Ambire all'autodeterminazione dei popoli, delle etnie, delle enclavi, delle regioni, giù giù, sino alla riunione di condominio con secessione della scala "A" dalla scala "B", sembra essere diventata un'impellente necessità indifferibile. L'ultima ventata secessionista/annessionista in ordine di tempo arriva dalla fredda Alaska.
Le motivazioni geopolitiche alla base della petizione sembrano, tuttavia, piuttosto inconsistenti. Dire - come citato nel documento propositivo archiviato sul sito della Casa Bianca - che furono "gli antichi siberiani russi" ad attraversare lo stretto di Bering ed a colonizzare quella parte del continente americano, è come sostenere che subito dopo l'ultima era glaciale esistesse una popolazione "politicamente identificabile in uno Stato sociale" in quella che poi diverrà, millenni dopo, la Russia.
Certo, i primi europei ad esplorare l'Alaska nel 1732 furono proprio i russi, ma si trattò di una colonizzazione affatto stanziale e piuttosto commerciale. Più autorizzati dei russi a riprendersi l'Alaska sarebbero le popolazioni autoctone quali i Kutchin o gli Aleutini.
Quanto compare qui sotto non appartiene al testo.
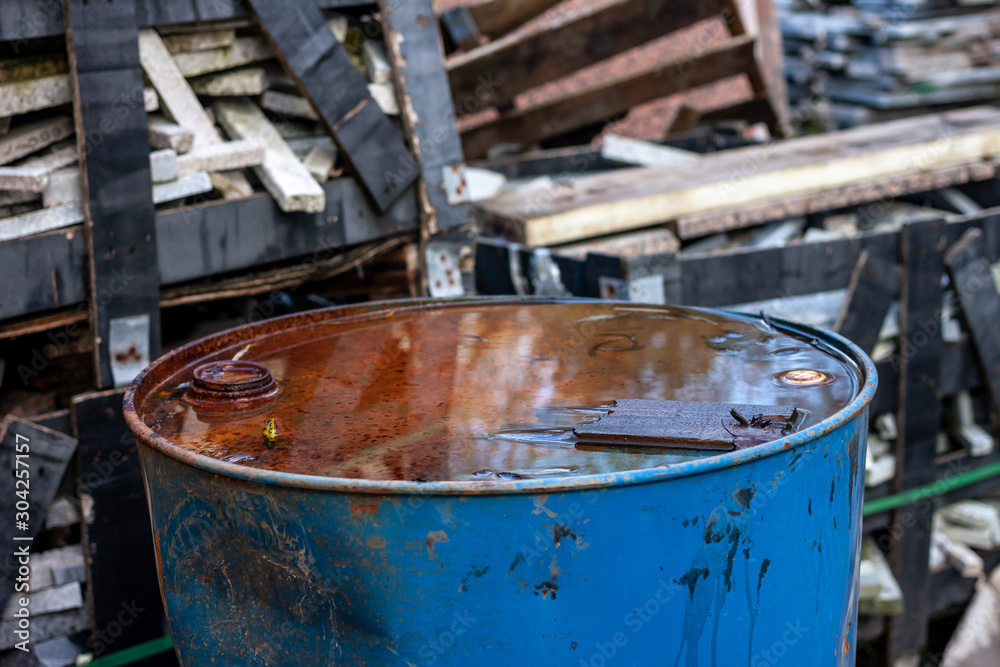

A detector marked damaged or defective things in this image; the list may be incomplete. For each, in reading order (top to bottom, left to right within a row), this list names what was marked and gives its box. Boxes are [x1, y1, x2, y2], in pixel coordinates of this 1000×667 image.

broken white-painted plank [0, 75, 72, 117]
broken white-painted plank [138, 29, 254, 198]
broken white-painted plank [164, 28, 236, 53]
broken white-painted plank [172, 36, 274, 77]
broken white-painted plank [190, 67, 270, 96]
broken white-painted plank [260, 90, 314, 121]
broken white-painted plank [360, 39, 390, 85]
broken white-painted plank [368, 82, 398, 116]
broken white-painted plank [0, 167, 48, 193]
broken white-painted plank [0, 116, 74, 166]
broken white-painted plank [17, 142, 75, 172]
broken white-painted plank [41, 168, 80, 207]
broken white-painted plank [148, 149, 178, 183]
broken white-painted plank [147, 117, 194, 155]
broken white-painted plank [152, 170, 213, 204]
broken white-painted plank [176, 140, 264, 175]
broken white-painted plank [215, 96, 324, 211]
broken white-painted plank [300, 144, 336, 183]
broken white-painted plank [596, 135, 700, 168]
broken white-painted plank [0, 205, 81, 244]
rusty barrel rim [123, 298, 876, 496]
rusted steel surface [123, 298, 876, 667]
Difficile poi credere che gli USA si lascerebbero soffiare da sotto il naso (certamente non dagli indipendentisti e meno che mai dai russi) le risorse naturali celate nel sottosuolo dell'Alaska: petrolio greggio, gas naturale, carbone, oro, metalli preziosi, zinco ed altri minerali.
Impossibile immaginarsi, infine, i militari a stelle e strisce abbandonare, con la coda tra le gambe, le numerose basi militari dopo l'ipotetico referendum, come accaduto per le guarnigioni ucraine nel territorio della Crimea.